I like the he'll out of the kitchen


tjbnwi said:


> How about it is part of this kitchen project. It is her favorite piece in the entire job. She told me she wishes it was in her living room. There is no accounting for taste.
> 
> https://flic.kr/s/aHsmiurVGB
> 
> Tom


Sent from my SM-N920V using Tapatalk


----------



## tjbnwi (Feb 24, 2009)

Jaws said:


> I like the he'll out of the kitchen
> 
> Sent from my SM-N920V using Tapatalk


Hickory is an interesting wood.

Scraps from that are what I made the TV stand out of. 

Tom


----------



## Jaws (Dec 20, 2010)

I swore to God I would not use Alder for my house, so sick of it. Planned to use quarter-sawn white oak or hickory. 

Every cabinet in my house is alder. Even the entertainment center. LOL


tjbnwi said:


> Hickory is an interesting wood.
> 
> Scraps from that are what I made the TV stand out of.
> 
> Tom


Sent from my SM-N920V using Tapatalk


----------



## tjbnwi (Feb 24, 2009)

Jaws said:


> I swore to God I would not use Alder for my house, so sick of it. Planned to use quarter-sawn white oak or hickory.
> 
> Every cabinet in my house is alder. Even the entertainment center. LOL
> 
> Sent from my SM-N920V using Tapatalk


I've yet to do an Alder cabinet. 

Here I use QSWO and a lot of maple for the paint grade stuff. Back home paint grade is considered "low class crap".

Tom


----------



## Jaws (Dec 20, 2010)

The Tuscany thing was big here for a long time. Lot of stain grade Alder. Most of it to blotchy. That's why my painters did a two color stain on my cabinets to even them out.

It seems like all the houses we do under half a million are stain grade Alder still, might get lucky and get some Oak every now and then.
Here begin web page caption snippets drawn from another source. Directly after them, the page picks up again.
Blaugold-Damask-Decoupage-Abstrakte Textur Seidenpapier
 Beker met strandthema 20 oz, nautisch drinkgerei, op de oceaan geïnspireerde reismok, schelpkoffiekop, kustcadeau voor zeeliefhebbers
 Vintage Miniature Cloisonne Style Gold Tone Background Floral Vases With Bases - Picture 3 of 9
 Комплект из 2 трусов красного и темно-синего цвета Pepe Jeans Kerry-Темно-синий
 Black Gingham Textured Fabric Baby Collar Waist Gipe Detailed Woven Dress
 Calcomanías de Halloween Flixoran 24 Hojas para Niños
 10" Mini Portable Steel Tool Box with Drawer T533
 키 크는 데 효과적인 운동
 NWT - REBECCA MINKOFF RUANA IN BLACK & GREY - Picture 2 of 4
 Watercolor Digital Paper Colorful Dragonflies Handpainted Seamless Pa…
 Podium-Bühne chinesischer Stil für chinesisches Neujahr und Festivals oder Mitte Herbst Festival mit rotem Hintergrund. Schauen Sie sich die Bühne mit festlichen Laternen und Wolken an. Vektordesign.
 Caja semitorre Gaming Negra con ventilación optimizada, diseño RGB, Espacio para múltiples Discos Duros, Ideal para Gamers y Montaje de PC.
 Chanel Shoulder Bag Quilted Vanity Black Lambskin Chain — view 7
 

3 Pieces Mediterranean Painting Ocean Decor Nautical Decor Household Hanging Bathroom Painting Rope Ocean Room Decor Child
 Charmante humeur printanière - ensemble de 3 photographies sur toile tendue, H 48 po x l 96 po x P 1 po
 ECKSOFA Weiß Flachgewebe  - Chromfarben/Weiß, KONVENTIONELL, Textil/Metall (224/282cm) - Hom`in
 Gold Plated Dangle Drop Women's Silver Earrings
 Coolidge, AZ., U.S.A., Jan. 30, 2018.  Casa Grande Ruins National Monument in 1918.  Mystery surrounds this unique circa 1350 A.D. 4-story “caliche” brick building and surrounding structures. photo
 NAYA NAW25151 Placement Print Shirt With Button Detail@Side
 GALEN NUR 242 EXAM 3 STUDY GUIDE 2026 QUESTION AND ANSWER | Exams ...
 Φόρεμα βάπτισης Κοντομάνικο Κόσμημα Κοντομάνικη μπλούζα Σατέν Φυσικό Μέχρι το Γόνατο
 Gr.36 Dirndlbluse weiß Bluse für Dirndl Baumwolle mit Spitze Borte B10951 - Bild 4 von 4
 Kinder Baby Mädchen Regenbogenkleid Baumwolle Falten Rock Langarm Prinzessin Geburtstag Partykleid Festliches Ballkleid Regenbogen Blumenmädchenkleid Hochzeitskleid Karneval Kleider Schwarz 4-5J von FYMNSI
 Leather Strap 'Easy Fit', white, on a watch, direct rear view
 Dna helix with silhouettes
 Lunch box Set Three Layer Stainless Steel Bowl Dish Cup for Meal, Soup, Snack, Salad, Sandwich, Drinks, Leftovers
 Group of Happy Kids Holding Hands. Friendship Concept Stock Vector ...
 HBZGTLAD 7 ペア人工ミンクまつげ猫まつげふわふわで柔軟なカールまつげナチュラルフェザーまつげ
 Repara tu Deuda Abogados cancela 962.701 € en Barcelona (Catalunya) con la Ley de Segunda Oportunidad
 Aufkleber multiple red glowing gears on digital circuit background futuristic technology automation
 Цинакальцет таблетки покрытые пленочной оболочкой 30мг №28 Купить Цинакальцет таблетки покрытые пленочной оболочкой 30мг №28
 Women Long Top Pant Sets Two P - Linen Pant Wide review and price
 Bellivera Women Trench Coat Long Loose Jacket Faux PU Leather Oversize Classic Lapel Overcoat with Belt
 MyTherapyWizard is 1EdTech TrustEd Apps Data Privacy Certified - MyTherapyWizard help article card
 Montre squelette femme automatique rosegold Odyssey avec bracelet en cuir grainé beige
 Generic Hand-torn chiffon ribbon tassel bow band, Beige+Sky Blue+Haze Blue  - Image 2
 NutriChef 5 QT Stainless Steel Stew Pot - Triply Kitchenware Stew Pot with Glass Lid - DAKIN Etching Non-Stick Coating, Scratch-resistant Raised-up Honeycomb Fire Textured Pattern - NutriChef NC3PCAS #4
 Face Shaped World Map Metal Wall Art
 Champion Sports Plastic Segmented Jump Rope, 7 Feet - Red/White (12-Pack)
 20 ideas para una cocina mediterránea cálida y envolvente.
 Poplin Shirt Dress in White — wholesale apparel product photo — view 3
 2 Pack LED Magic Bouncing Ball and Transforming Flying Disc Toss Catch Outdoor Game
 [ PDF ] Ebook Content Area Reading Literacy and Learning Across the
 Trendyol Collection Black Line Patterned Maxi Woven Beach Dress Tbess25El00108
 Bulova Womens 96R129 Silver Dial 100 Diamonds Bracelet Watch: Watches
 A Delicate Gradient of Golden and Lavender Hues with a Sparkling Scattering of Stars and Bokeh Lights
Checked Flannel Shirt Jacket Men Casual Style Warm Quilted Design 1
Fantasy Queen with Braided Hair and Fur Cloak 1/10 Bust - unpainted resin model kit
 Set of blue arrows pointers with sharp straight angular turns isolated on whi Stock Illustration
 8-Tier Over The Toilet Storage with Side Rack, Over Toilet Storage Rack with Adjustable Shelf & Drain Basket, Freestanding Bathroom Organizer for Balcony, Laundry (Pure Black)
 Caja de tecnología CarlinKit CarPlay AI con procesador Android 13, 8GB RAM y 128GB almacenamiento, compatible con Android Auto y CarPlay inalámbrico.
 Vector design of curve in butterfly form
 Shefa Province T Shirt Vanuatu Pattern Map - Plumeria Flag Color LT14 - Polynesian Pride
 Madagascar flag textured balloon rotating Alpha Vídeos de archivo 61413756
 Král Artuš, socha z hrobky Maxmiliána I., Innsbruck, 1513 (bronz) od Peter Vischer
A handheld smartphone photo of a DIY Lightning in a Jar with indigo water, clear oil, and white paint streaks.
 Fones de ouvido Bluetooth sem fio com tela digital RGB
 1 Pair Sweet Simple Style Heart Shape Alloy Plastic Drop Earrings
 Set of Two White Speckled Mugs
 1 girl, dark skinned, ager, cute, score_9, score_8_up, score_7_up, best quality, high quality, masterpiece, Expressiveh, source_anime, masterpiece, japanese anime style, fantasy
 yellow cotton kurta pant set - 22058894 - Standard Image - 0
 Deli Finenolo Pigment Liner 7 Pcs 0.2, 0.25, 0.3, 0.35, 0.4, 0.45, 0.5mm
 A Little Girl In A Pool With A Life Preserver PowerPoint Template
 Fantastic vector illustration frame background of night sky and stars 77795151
Everything over half a million is paint grade now. Sometimes paint grade with a faux finish. That contemporary Farmhouse thing is pretty big here


tjbnwi said:


> I've yet to do an Alder cabinet.
> 
> Here I use QSWO and a lot of maple for the paint grade stuff. Back home paint grade is considered "low class crap".
> 
> Tom


Sent from my SM-N920V using Tapatalk


----------



## tjbnwi (Feb 24, 2009)

Tom


----------



## Leo G (May 12, 2005)

tjbnwi said:


> How about it is part of this kitchen project. It is her favorite piece in the entire job. She told me she wishes it was in her living room. There is no accounting for taste.
> 
> https://flic.kr/s/aHsmiurVGB
> 
> Tom


Oh I believe you. The big house project I did last year she had the weirdest tastes in colors. That Stratton Blue Island with the Bubinga slab on top, red and blue-green was not my favorite combination.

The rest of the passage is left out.